Happy Birthday, Dear Julia!
This August 15th would have been Julia Child’s 100th birthday, and all week long, restaurateurs around the country will be paying homage to her with dishes she created and inspired. Thanks to her wonderful cookbooks, you too can celebrate Julia Child’s birthday.
Here’s the menu for Julia’s birthday dinner chez Alice:
Coq au vin (I considered making her wonderful and famous boeuf bourguignon. But looky here; compare her boeuf bourguignon recipe to her coq au vin recipe and you’ll see how very similar the two recipes are. So think boeuf bourguignon with chicken….)
Steamed asparagus with Hollandaise sauce (or maybe I’ll just have the Hollandaise – what better homage to the woman who said “If you’re afraid of butter, use cream”?)
Clafouti aux pommes (the epitome of Julia’s philosophy about French cooking: it’s delicious and easy).
Many of you know how easy it is to make coq au vin. But have you made a clafouti? It’s a kind of pudding cake with fruit, easier to make than a pastry dessert but every bit as buttery and delicious. The ingredients are already in your pantry, though you may need to get a few more sturdy apples: butter, sugar, flour, eggs, currants, apples, rum, cinnamon and a little cream. This is Julia Child, so you won’t just throw everything in the blender à la impossible pie. There are steps that must be followed, but they are pretty simple.
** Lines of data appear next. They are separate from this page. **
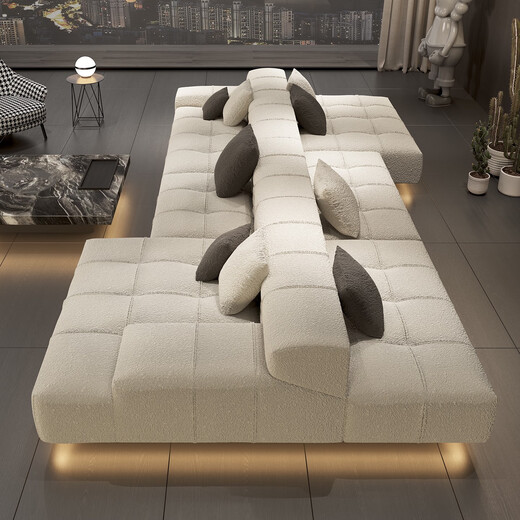 
Huixun 2025 new lamb velvet sofa double-sided sofa back-to-back sofa two-way sofa living room villa modular horizontal hall b1391cm choose lamb velvet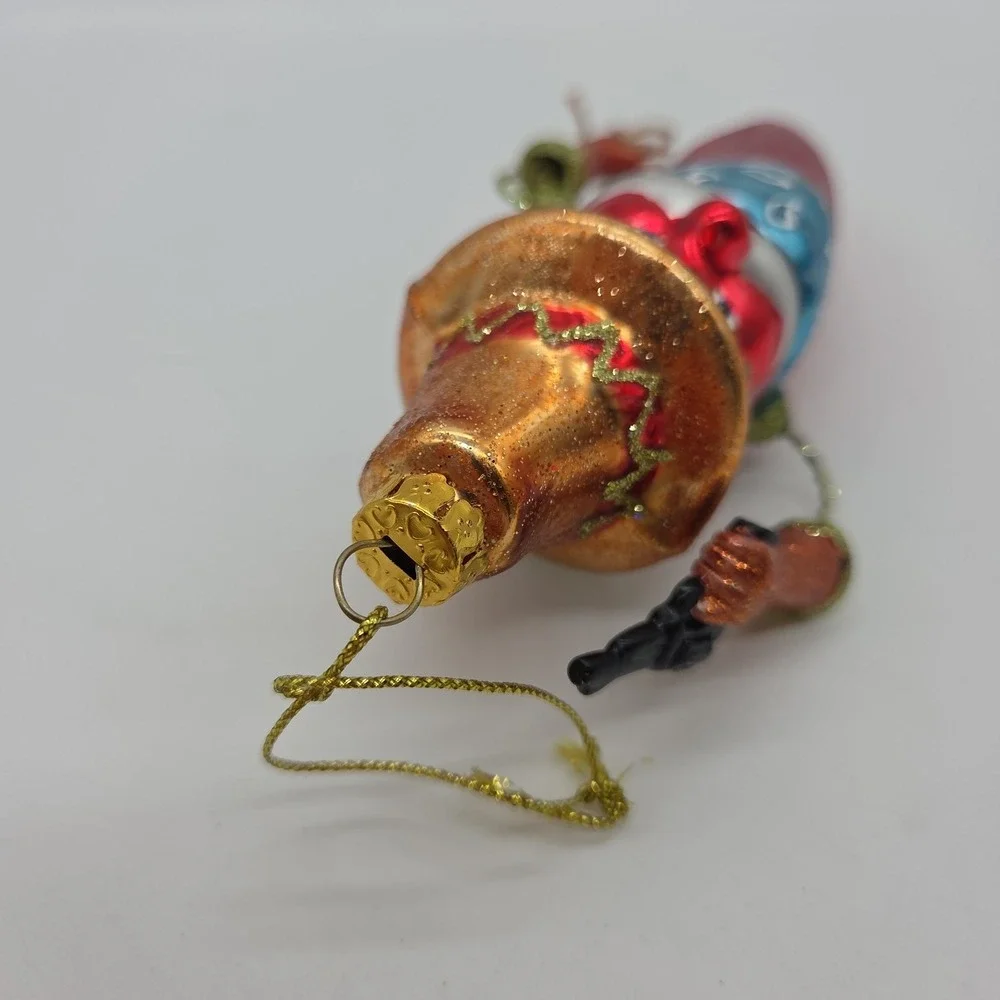 Red Hot Chili Pepper Cowboy Ornament Blown Glass Christmas Tree Decor Festive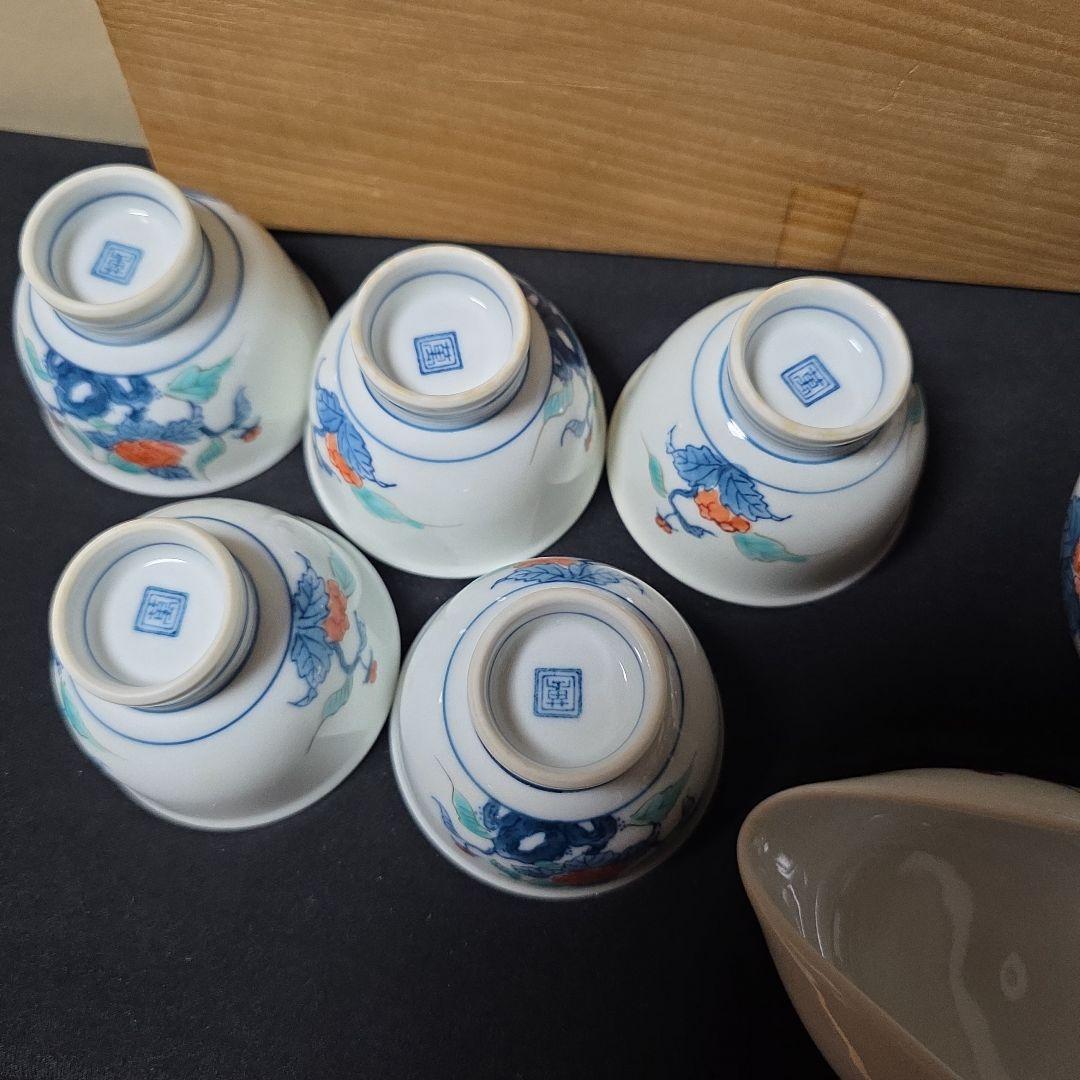 MAHO°❁ 畑萬陶苑　染錦岩牡丹絵　玉露茶器揃　煎茶器　ヴィンテージ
Sliced unpeeled apples are roasted in butter and sugar till tender and then covered with a batter of eggs, sugar, flour, rum and cream that has some currants folded in. Bake and serve.
Many years ago when I was trying to make something totally different each night for dinner, I made a Cherry Clafouti (Mastering the Art of French Cooking ) for dessert. I was just slipping it into the oven to bake when our dinner guests arrived. “Wow!,” exclaimed one. “We’re having hot dog pieces floating in milk for dinner tonight.” That’s when I started using Julia’s recipe for clafouti with apples, though good fresh cherries make a wonderful clafouti.
The two-volume Mastering the Art of French Cooking, by Julia Child and two French friends, Simone Beck and Louisette Bertholle, is considered Child’s masterpiece. Though it took me a couple of years before I had the courage to actually make one of her recipes, I loved reading the cookbooks, hoping to absorb some of her wisdom. I regret that I never saw any of her television shows in the 1960s and 1970s, but I bought the books that were based on those shows. Reading them along with the several biographies that have been written about her, I can visualize how entertaining she must have been on television, especially when she was “whacking the hell out of a chicken!”
Julia Child was an extraordinary woman who lived her very full life with unusual enthusiasm. More books have been written by and about her than any other chef. Her autobiography, My Life In France, is a fascinating story of her early life. Knopf has just published a new biography, Dearie: The Remarkable Life of Julia Child, by Bob Spitz, which is a good companion to My Life in France as is Appetite For Life, by Noel Riley Fitch, recently out in paperback.
Happy Birthday, Julia! Thanks for making cooking FUN.